6:10 こうして彼らが天の神に芳ばしい香りを献げ、王と王子たちの長寿を祈るようにせよ。
また、宮に仕えるために必要な物について、毎日、怠りなくそれを祭司たちの求めに応じて与えるように命じました。
そして、王と王子たちの長寿を祈るようにせよと命じました。彼は、真の信仰者ではありませんので、このように言うことは、彼が求めていることを表しています。祭司たちが神に仕える中で、このように祈ることで、王に対する尊敬が心からのものとして現されることになります。それは、民全体の意識につながることであり、王に対する恭順を期待できます。
ここで、命令の手紙の内容が記載されているのは、ユダヤ人の総督と長老たちに関する命令が含まれていたからです。宮の建設のための費用が王家から支払われることに関して、それをイスラエルの長老に隠しておくことは、命令に背くことでありできないことです。彼らは、そのことについて王の命令を伝えなければなりません。また、捧げ物、祈りに関する命令も伝えなければなりません。ですから、この命令は、イスラエルに伝えられたのです。
6:11 私は命令を下す。だれであれ、この法令を犯す者があれば、その家から梁を引き抜き、その者をその上にはりつけにしなければならない。このことのゆえに、その家はごみの山としなければならない。

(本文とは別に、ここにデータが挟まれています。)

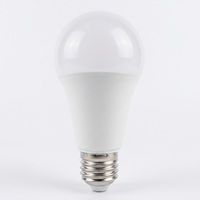 Ampoule LED A60 12W B22/E27 1100Lm 6000K Blanc Froid SMD Couvercle en Plastique AC 150-265V Certifiée CE Hôtel Fabriquée en Chine CRI Élevé 85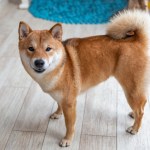 tan shiba inu dog inside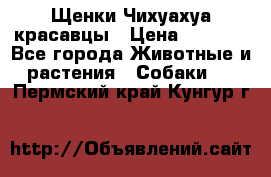Щенки Чихуахуа красавцы › Цена ­ 9 000 - Все города Животные и растения » Собаки   . Пермский край,Кунгур г.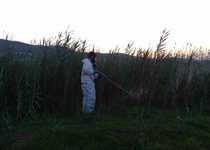 L’Ajuntament de Peníscola acaba la primera fase de fumigacions contra els mosquits en l’aiguamoll 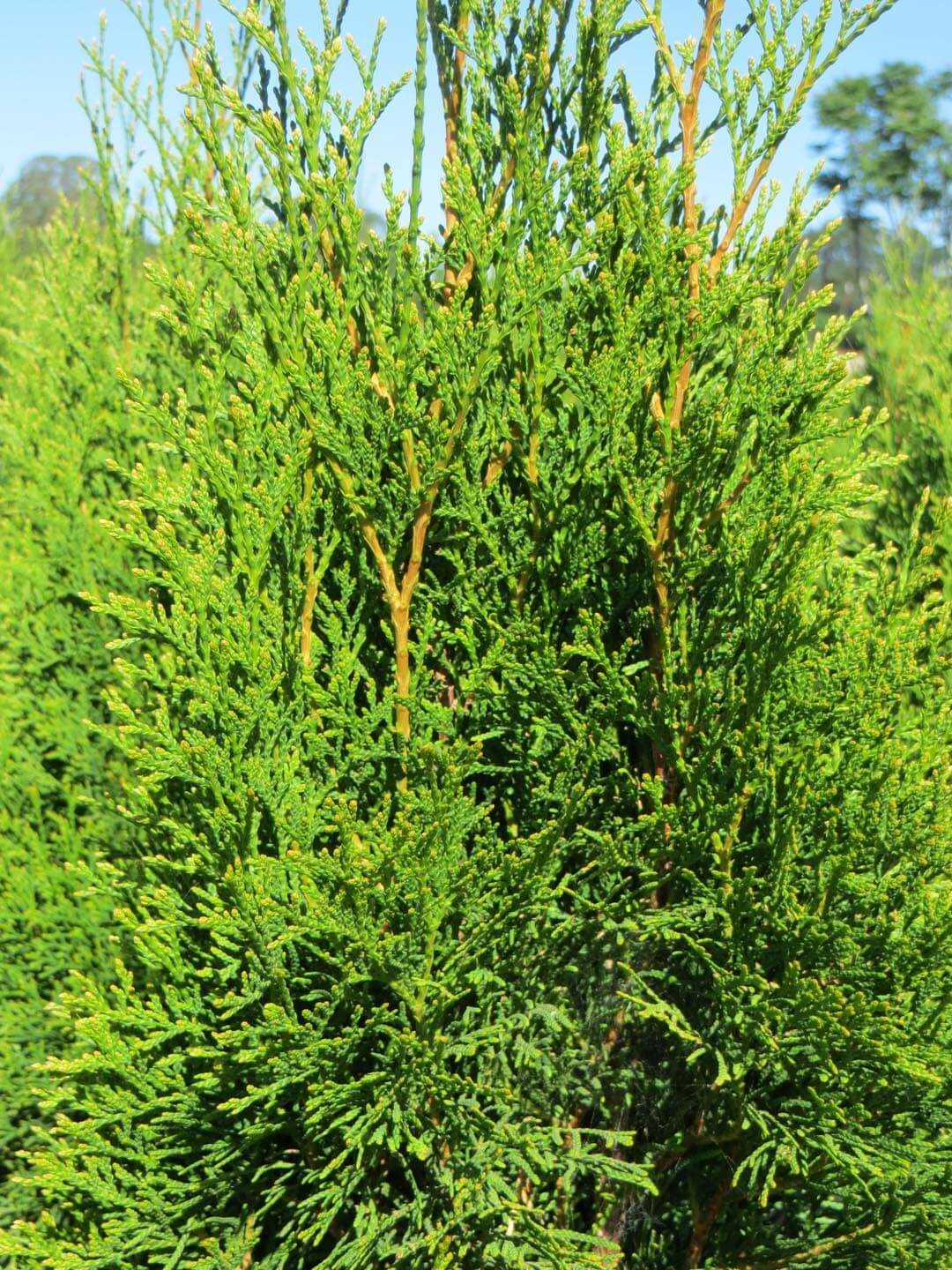 Thuja occidentalis: Planting and Care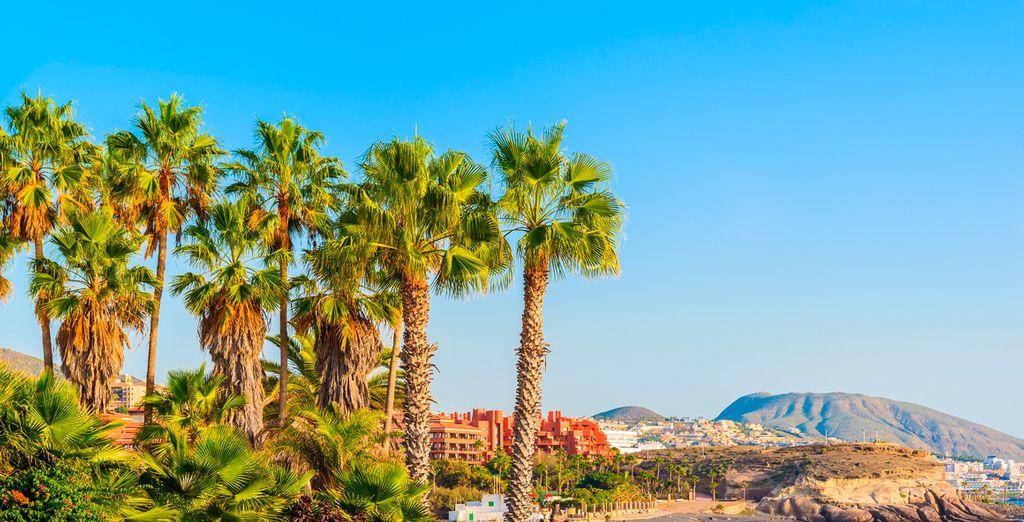 Hotel Vincci Tenerife Golf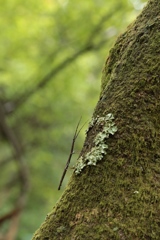 苔生した樹皮のエダナナフシ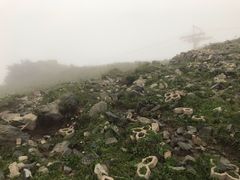 -北京灵山风景区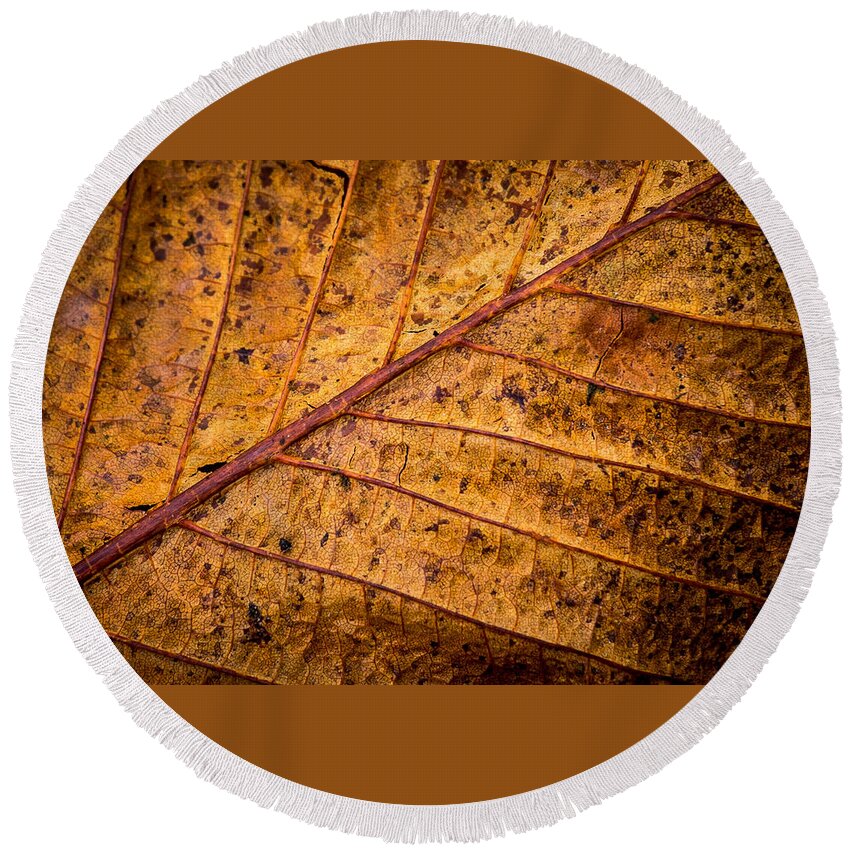 Leaf Round Beach Towel featuring the photograph Gold Leaf by Nigel R Bell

そして、命令を犯す者に対しては、厳罰を課しました。総督たちの思いで命令を聞かないというようなことができないようにしました。これは、ペルシャ帝国が王国の威信をかけた事業であるからです。
6:12 エルサレムに御名を住まわせられた神が、この命令を変更してエルサレムにあるこの神の宮を破壊しようと手を下す王や民をみな、投げ倒されますように。私ダレイオスはここに命令を下す。間違いなくこれを守れ。」
さらに、彼は、「神」の御名を言い表し、単なる政治的な命令ではなく、自分も神を敬っていることを示し、ユダヤ人が王に反発することなく、王を敬うように導きました。

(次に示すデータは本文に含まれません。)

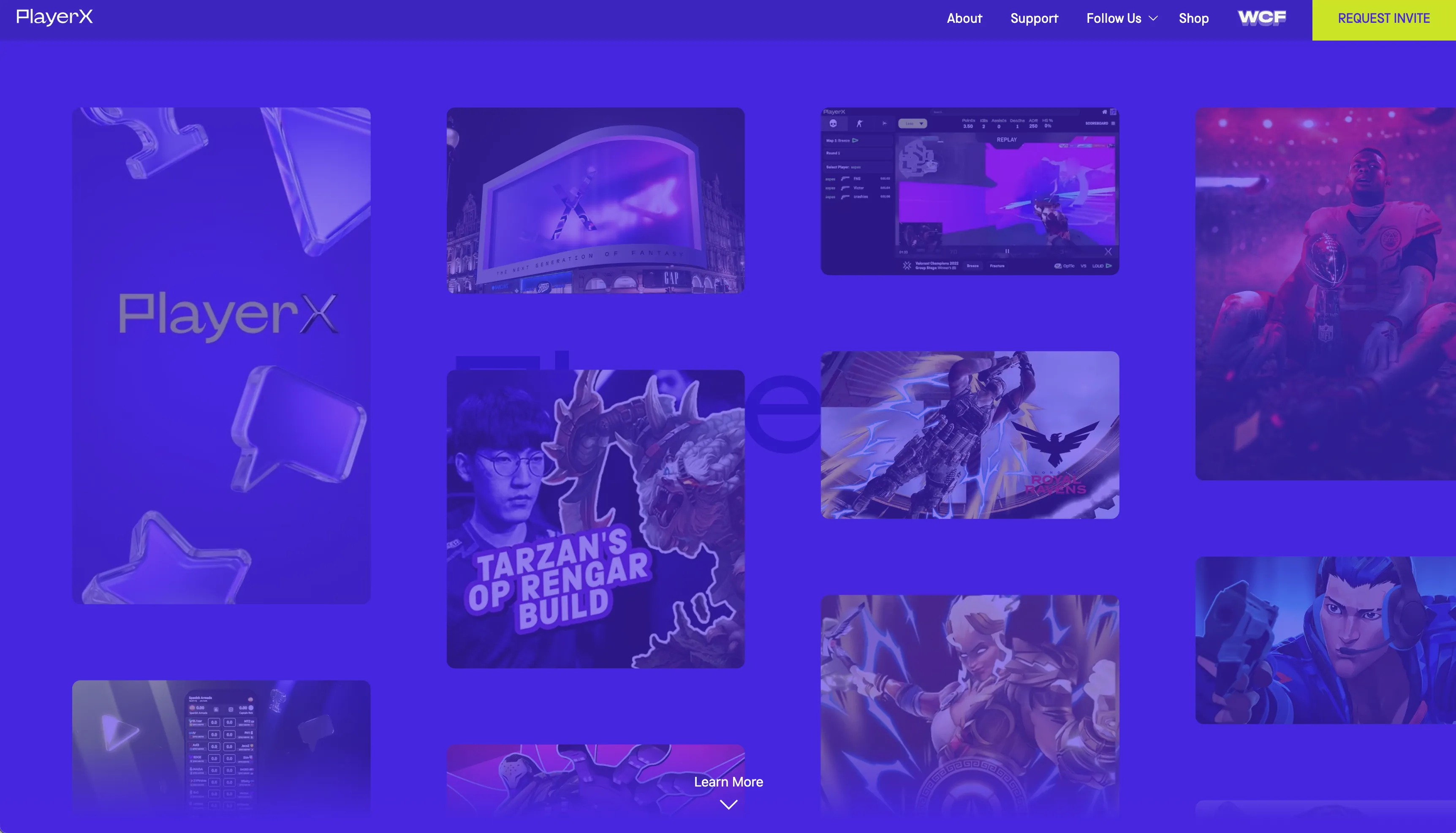 PlayerX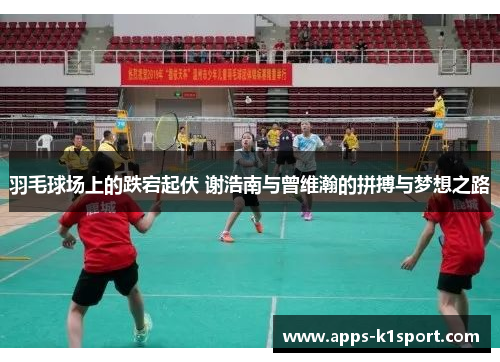 羽毛球场上的跌宕起伏 谢浩南与曾维瀚的拼搏与梦想之路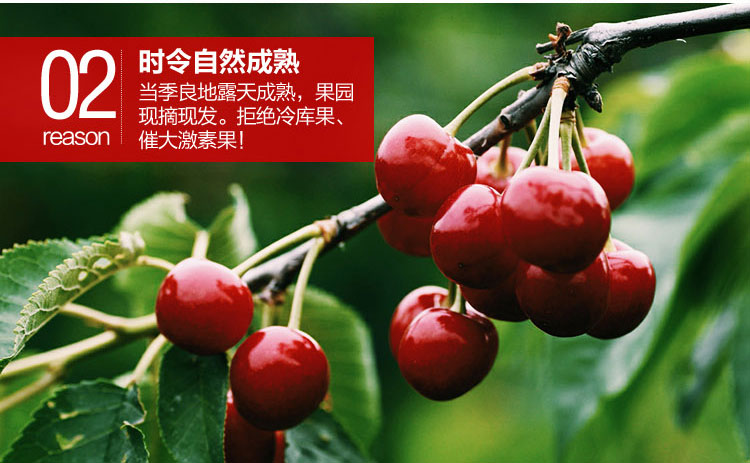 图片[4]-山东大樱桃新鲜水果，5斤装顺丰空运包邮只要168元-万荀网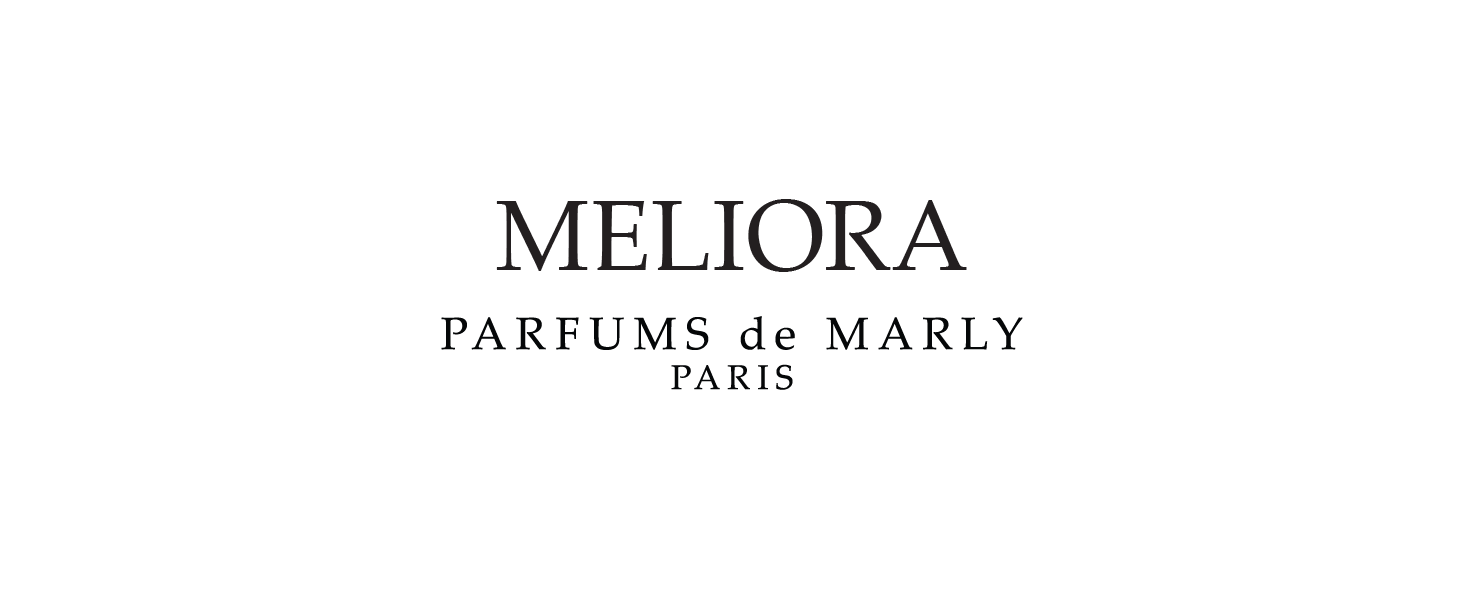 Meliora Banner Logo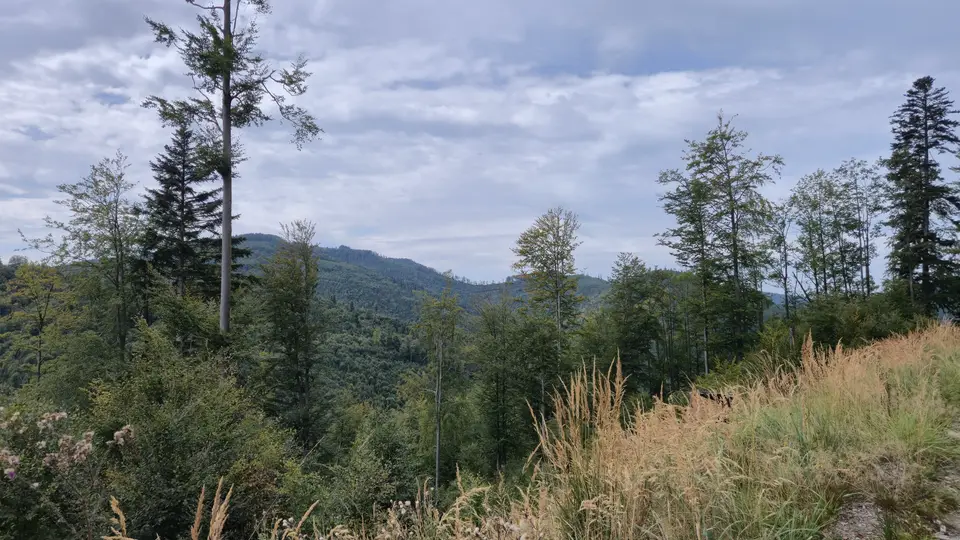 Spruce Gap to the Viaduct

6:13 ダレイオス王がこう書き送ったので、ユーフラテス川西方の総督タテナイと、シェタル・ボゼナイと、その同僚たちは、間違いなくこれを行った。
王の厳罰を伴った命令は、総督たちによって間違いなく実行されました。これが神様がなさることです。
6:14 ユダヤ人の長老たちは、預言者ハガイとイドの子ゼカリヤの預言を通し、建築を行って成功した。彼らはイスラエルの神の命令により、またキュロスとダレイオスと、ペルシアの王アルタクセルクセスの命令によって、建築を終えた。
ユダヤ人の長老たちは、建築を終えました。民を代表していたのは、長老で、霊的経験の豊かな者たちです。彼らに与えられたのは、預言者の言葉です。それが民を奮い立たせるのです。そして、主は、間違いなくそれができるように王の命令を備えてくださったのです。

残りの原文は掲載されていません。